The dolphins show some 'lexical substitution'.  When given an unknown
word for an object, they usually try the action with some other object
[this might be an artifact of the training. Bob.].

Lou was careful to point out that, while they do use operant
conditioning, it's not the same as training a dolphin to do a
particular series of simple actions with one command.  I.e. the
dolphins do hear a series of tones meaning 'yes Akaeakamai fish', and
are rewarded a fish when they do the right thing.  But the right thing
is the meaning of the sentence, not just a one-signal/one-action
response (the usual type of response that you see with dolphins and
other cetaceans during a Marineland-type show).

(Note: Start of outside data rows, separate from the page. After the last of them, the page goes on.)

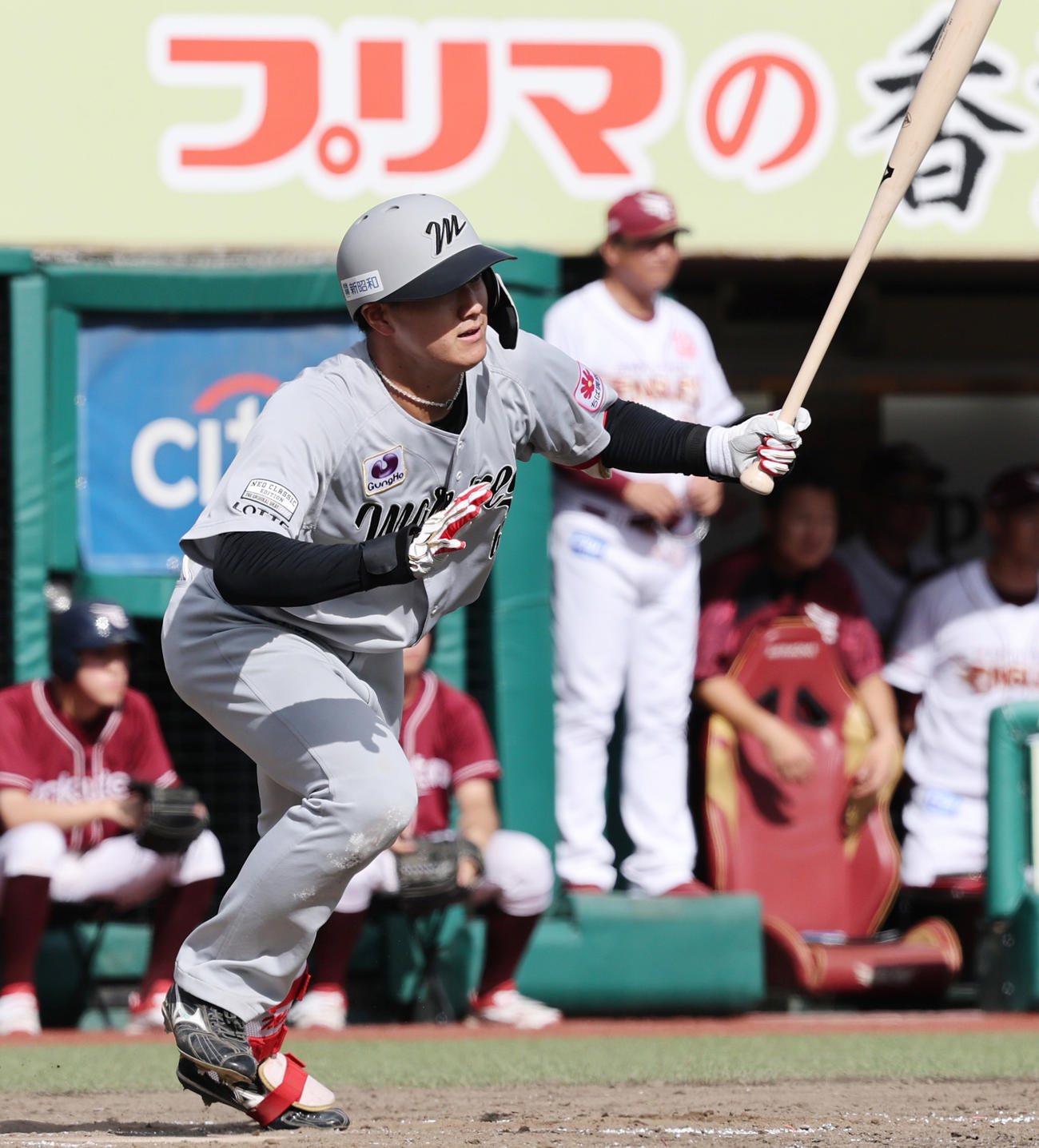 楽天対ロッテ　4回表ロッテ2死二塁、右前適時打を放つ西川（撮影・野上伸悟）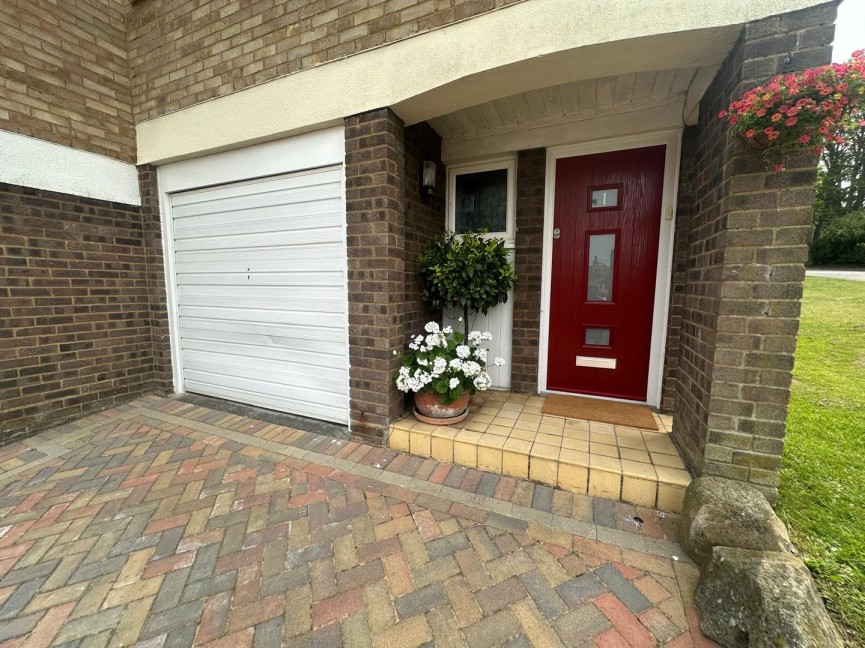 3 bedroom House for Sale Garden Lane, Royston, Hertfordshire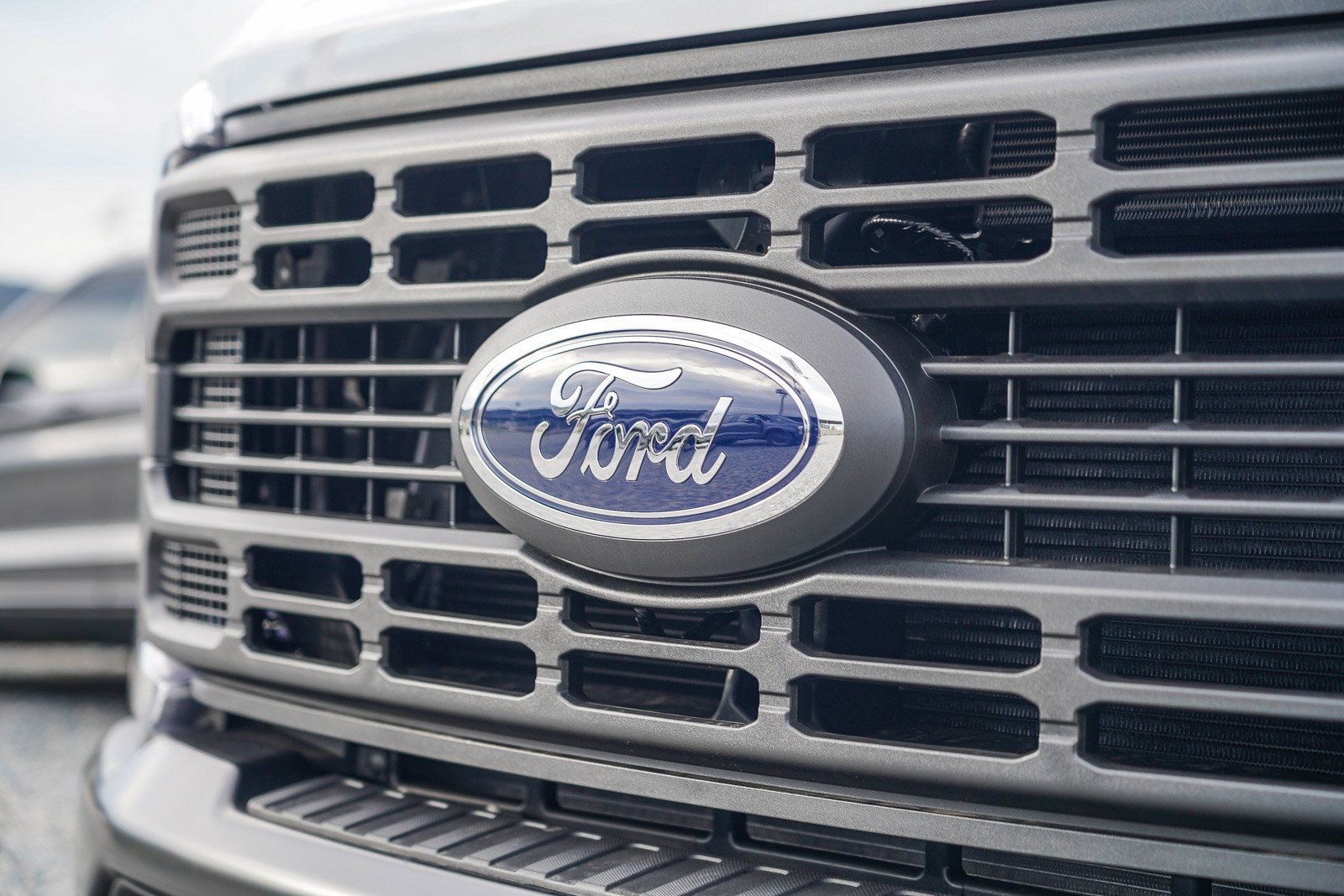 New 2026 Oxford White Ford F-350® XL image 3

There's usually a "no" paddle in the tank.  If a dolphin gets a command
to use an object not in the tank, it presses the "no" paddle.  That's
different from their behavior when given a syntactically nonsensical
sentence:  they do nothing then.

If the "no" paddle is not there, the dolphin again does nothing.
They've tried doing this, then throwing in a random selection of items
a little while (up to 30 seconds) later.  The dolphins then perform the
command.  Performance drops off noticeably (40-60%) if the time
interval is longer than 30 seconds.  Lou says that gets into 'memory'
rather than 'linguistics', and they're also running into the problem of
the dolphins getting "tired of playing the game". [Herman's earlier
work showed, among other things, that the limit of short-term memory
retention for arbitrary whistle-tone strings (like strings of random
digits amongst humans) was around 100 seconds.]

Here's some of Lou's answers to various questions...

What happens when they make a mistake?  "Well, usually they get angry.
Sometimes they start throwing things around the pool.  Dolphins don't
like to make mistakes." Why not cross-train the animals to learn each
other's language? "Phoenix knows both the tone and gesture languages
(gesture languages are easy to teach dolphins).  Akaeakamai knows, and
expresses the names for things in Phoenix's tone language -- but we
haven't taught her the actions yet."  Will they obey anybody?  "Yes.
Different trainers have different 'dialects' in the gesture language,
and the dolphins are pretty tolerant.  I had my 4-year-old daughter try
it -- the dolphins seemed a little astonished, but they obeyed the
commands.  In fact, you don't have to use your arms to make the gesture
signs.  If you're agile enough, you can make them with your legs." What
about trying recursion?  "Last week, we tried 'conjunctions' by running
together several sentences.  The dolphins simply performed the various
commands in in the order given [this is a simple example of 'left
recursion']."  What's next [my question]? "We'll be working on getting
the dolphins to produce sentences, in response to questions.  We've
already put a second, "yes", paddle in the tank, and we'll see how well
they can respond to questions about their tank 'world'."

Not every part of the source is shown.